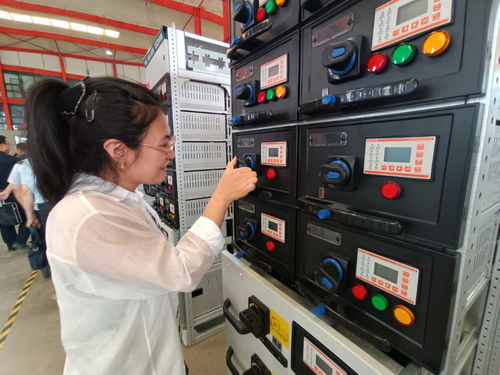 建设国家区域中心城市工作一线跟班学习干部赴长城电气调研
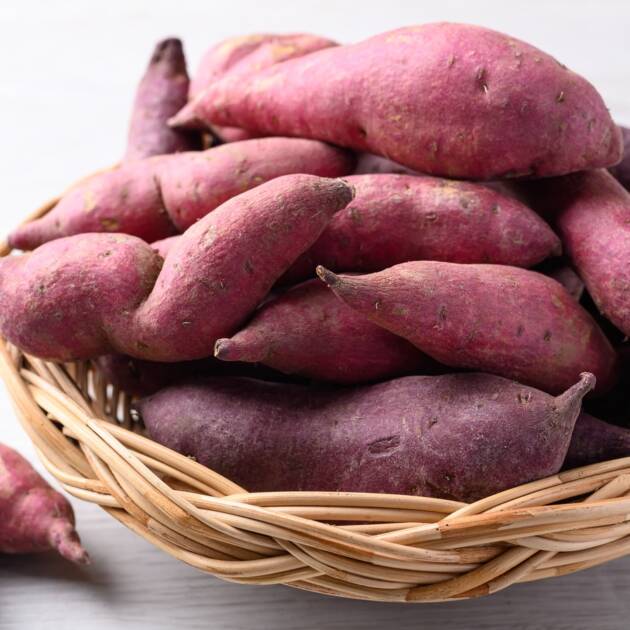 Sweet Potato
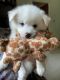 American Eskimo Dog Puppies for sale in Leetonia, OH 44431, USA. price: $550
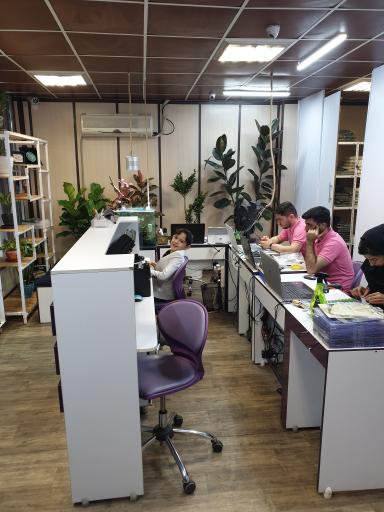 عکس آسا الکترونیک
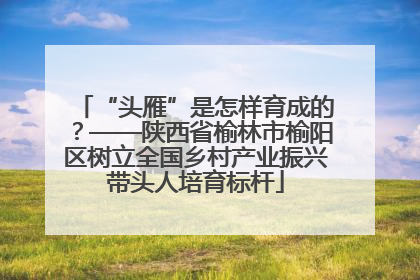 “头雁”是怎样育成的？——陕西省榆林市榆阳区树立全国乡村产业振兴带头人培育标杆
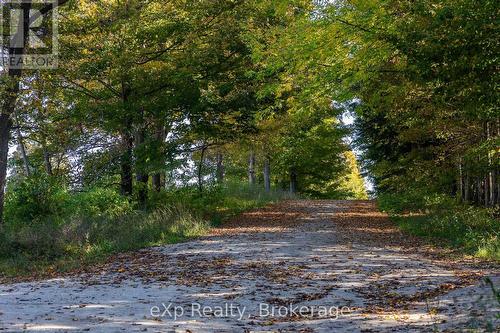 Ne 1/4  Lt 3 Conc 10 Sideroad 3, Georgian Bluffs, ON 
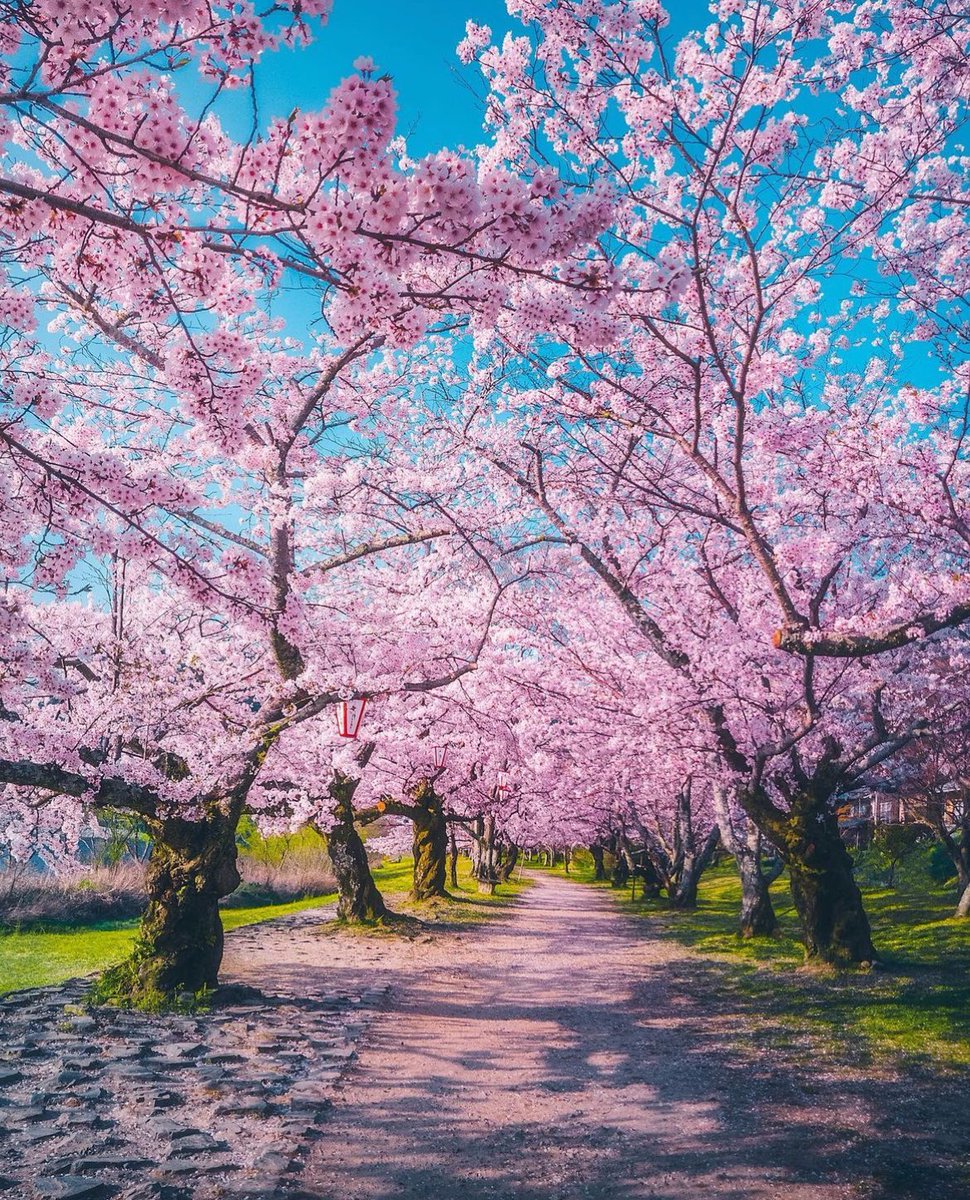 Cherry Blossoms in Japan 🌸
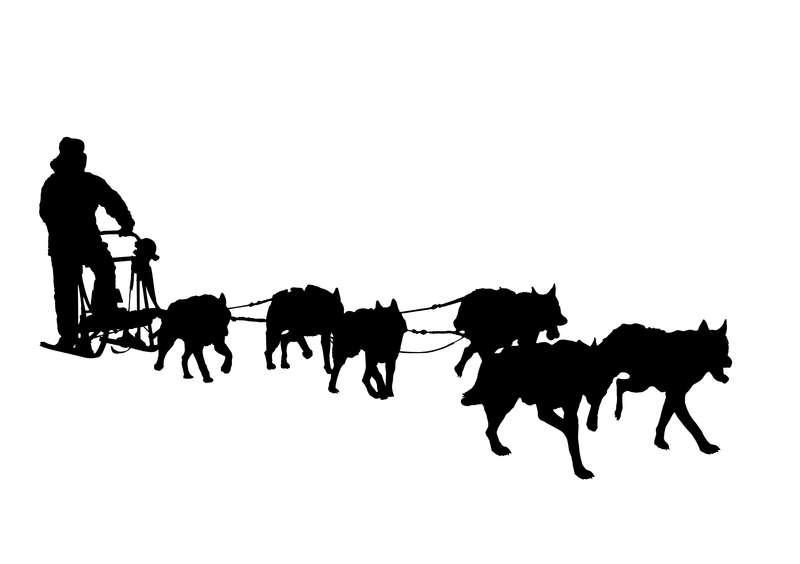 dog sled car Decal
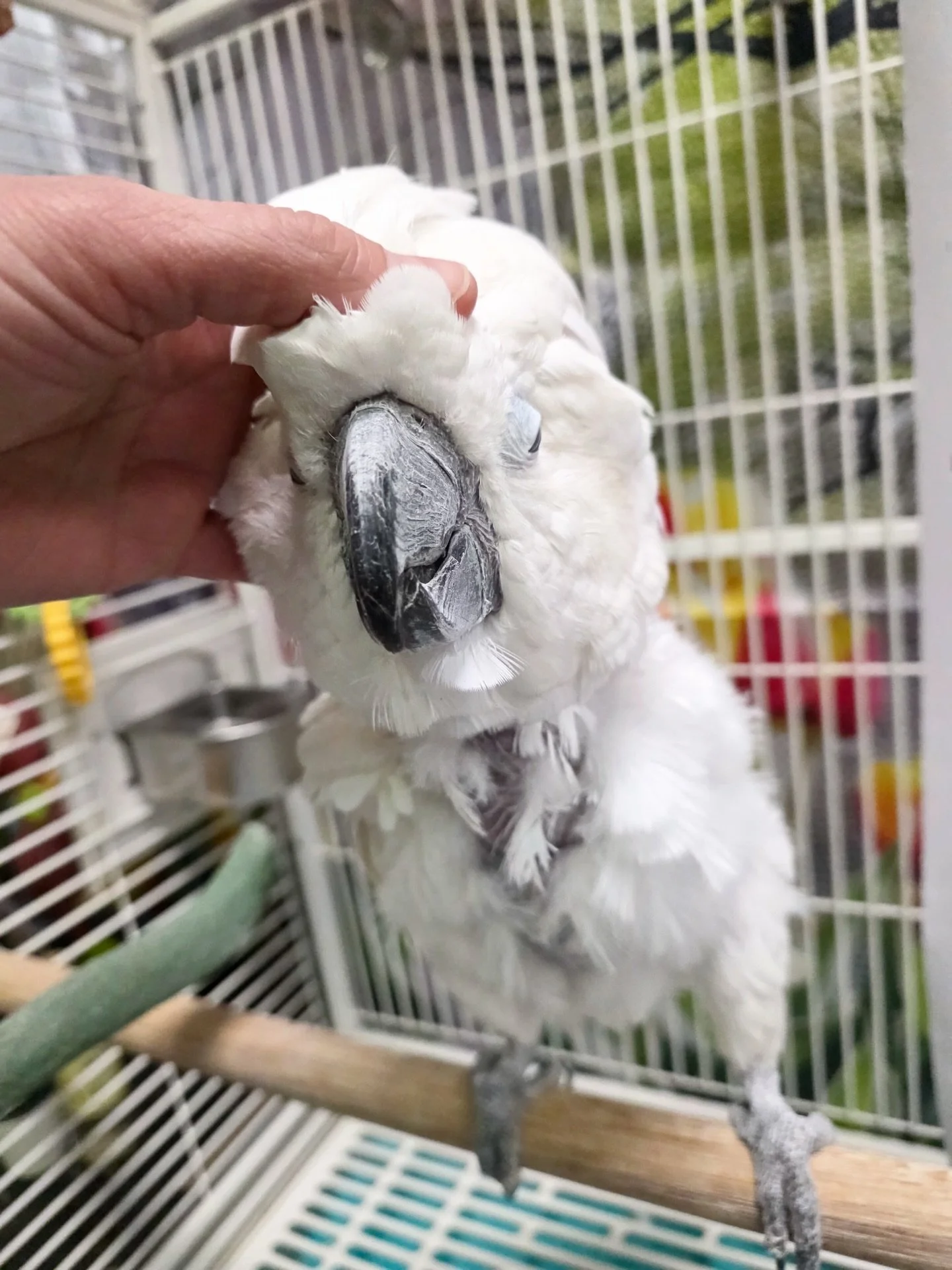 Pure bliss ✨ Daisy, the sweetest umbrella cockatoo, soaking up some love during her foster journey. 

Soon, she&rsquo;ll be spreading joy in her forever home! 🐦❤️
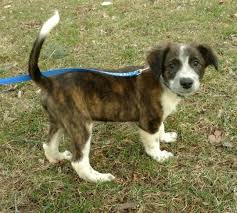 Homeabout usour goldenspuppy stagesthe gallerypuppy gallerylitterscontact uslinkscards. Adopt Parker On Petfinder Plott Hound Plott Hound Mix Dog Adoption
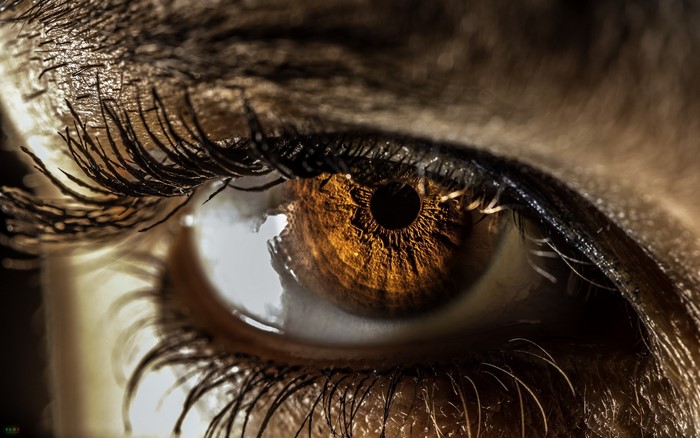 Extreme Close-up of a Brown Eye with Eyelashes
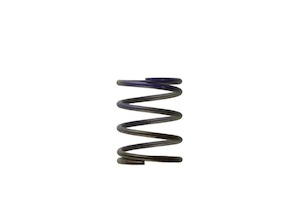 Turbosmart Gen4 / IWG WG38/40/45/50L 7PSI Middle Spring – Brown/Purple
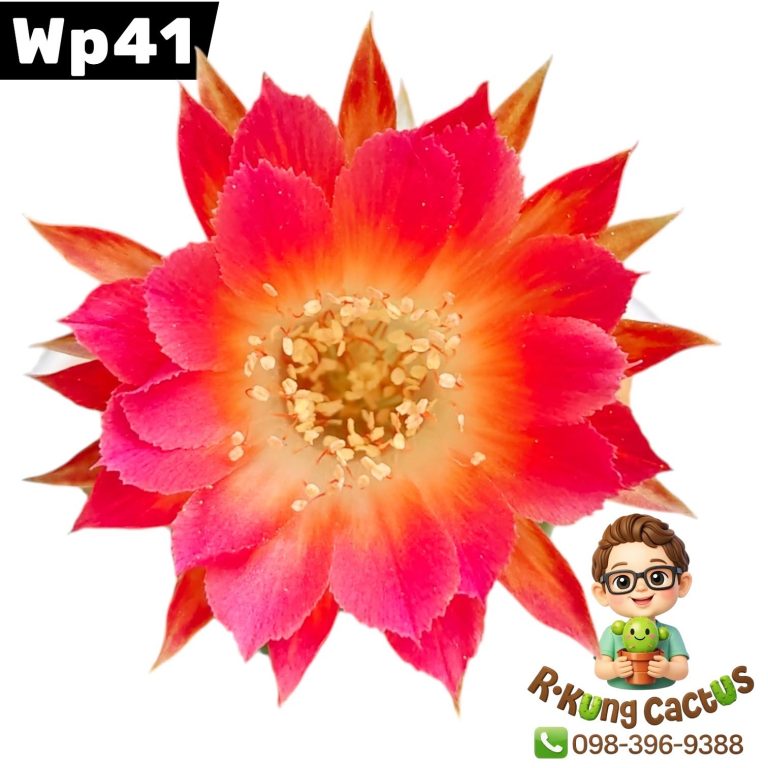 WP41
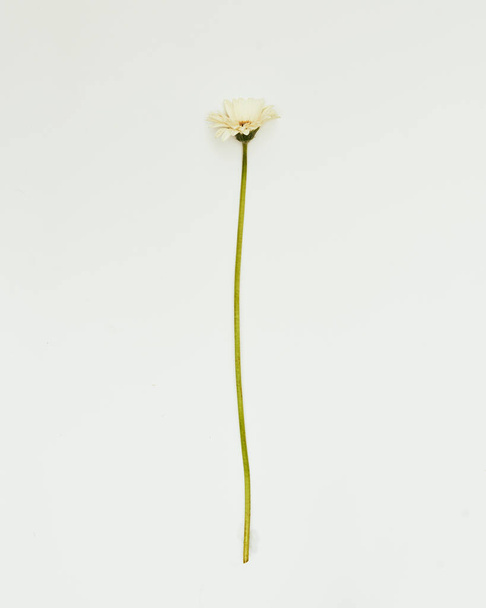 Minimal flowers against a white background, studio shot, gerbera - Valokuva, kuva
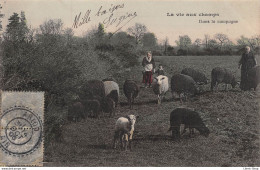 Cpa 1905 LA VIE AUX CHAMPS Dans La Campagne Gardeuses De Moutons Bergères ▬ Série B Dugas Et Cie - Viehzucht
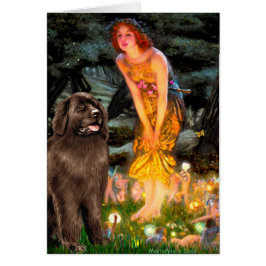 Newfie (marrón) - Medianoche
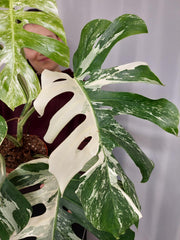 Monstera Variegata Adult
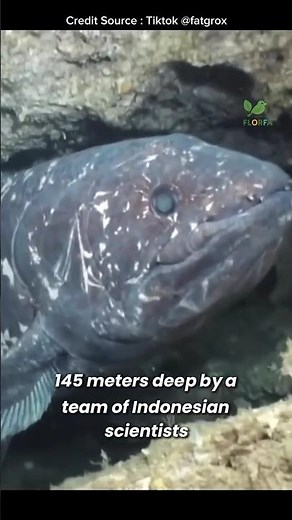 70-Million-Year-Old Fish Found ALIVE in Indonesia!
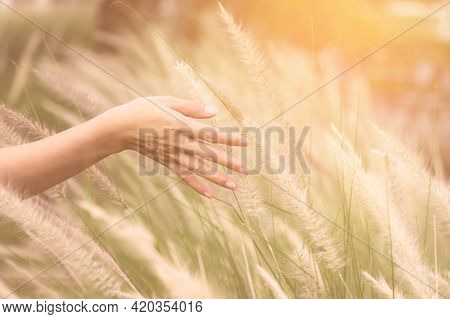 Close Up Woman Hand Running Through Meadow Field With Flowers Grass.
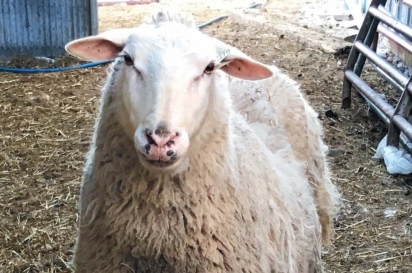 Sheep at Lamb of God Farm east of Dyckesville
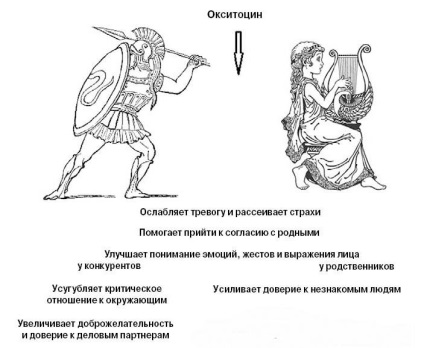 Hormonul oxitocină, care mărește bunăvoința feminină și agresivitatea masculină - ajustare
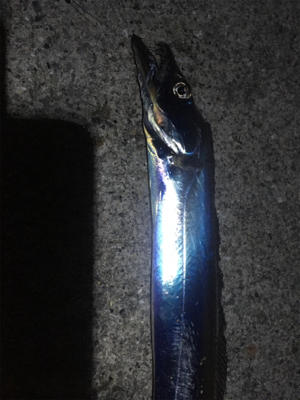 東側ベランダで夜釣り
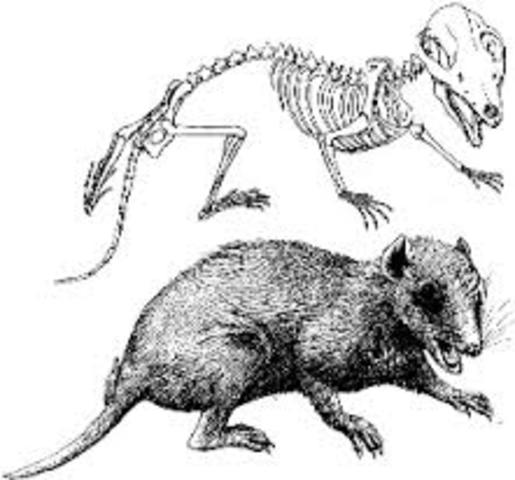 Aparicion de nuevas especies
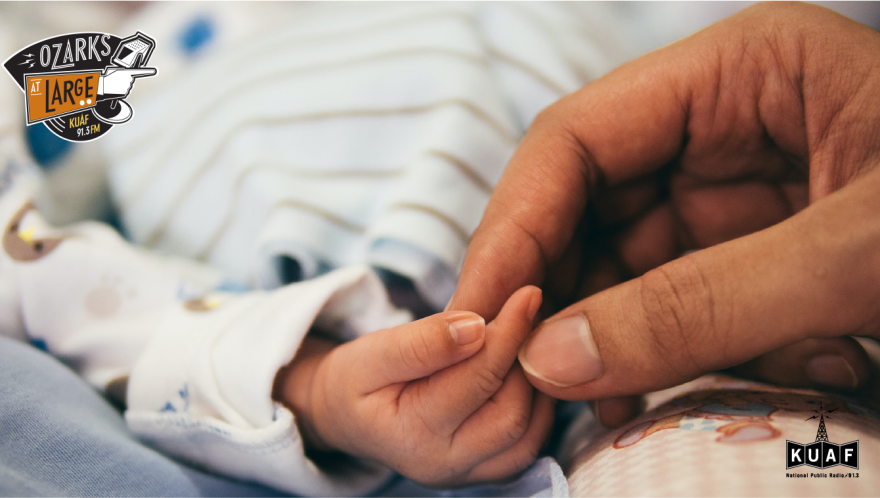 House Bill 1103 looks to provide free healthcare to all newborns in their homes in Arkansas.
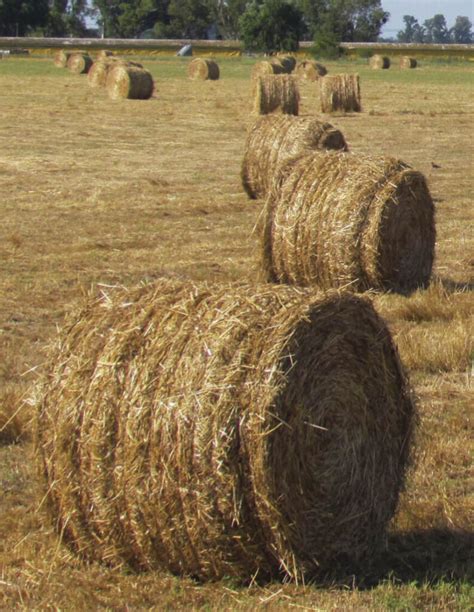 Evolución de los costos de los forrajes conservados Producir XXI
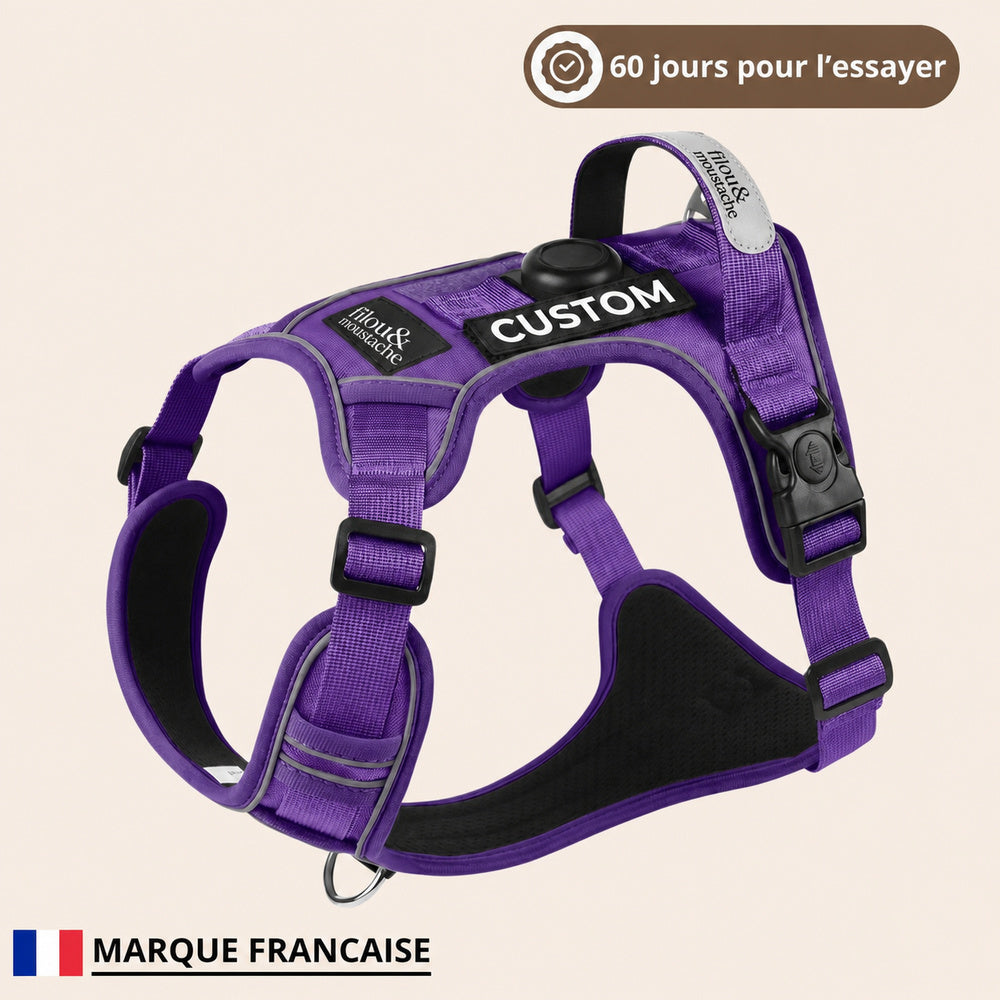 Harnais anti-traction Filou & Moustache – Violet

___

Please leave out the pictures as you reproduce the lines exactly, from the first line of the entries through the line containing "Soon, she&rsquo;ll be".

▸ SOLUTION FOR THIS PROBLEM
 建设国家区域中心城市工作一线跟班学习干部赴长城电气调研
 Sweet Potato
 American Eskimo Dog Puppies for sale in Leetonia, OH 44431, USA. price: $550
 عکس آسا الکترونیک
 “头雁”是怎样育成的？——陕西省榆林市榆阳区树立全国乡村产业振兴带头人培育标杆
 Ne 1/4  Lt 3 Conc 10 Sideroad 3, Georgian Bluffs, ON 
 Cherry Blossoms in Japan 🌸
 dog sled car Decal
 Pure bliss ✨ Daisy, the sweetest umbrella cockatoo, soaking up some love during her foster journey. 

Soon, she&rsquo;ll be spreading joy in her forever home! 🐦❤️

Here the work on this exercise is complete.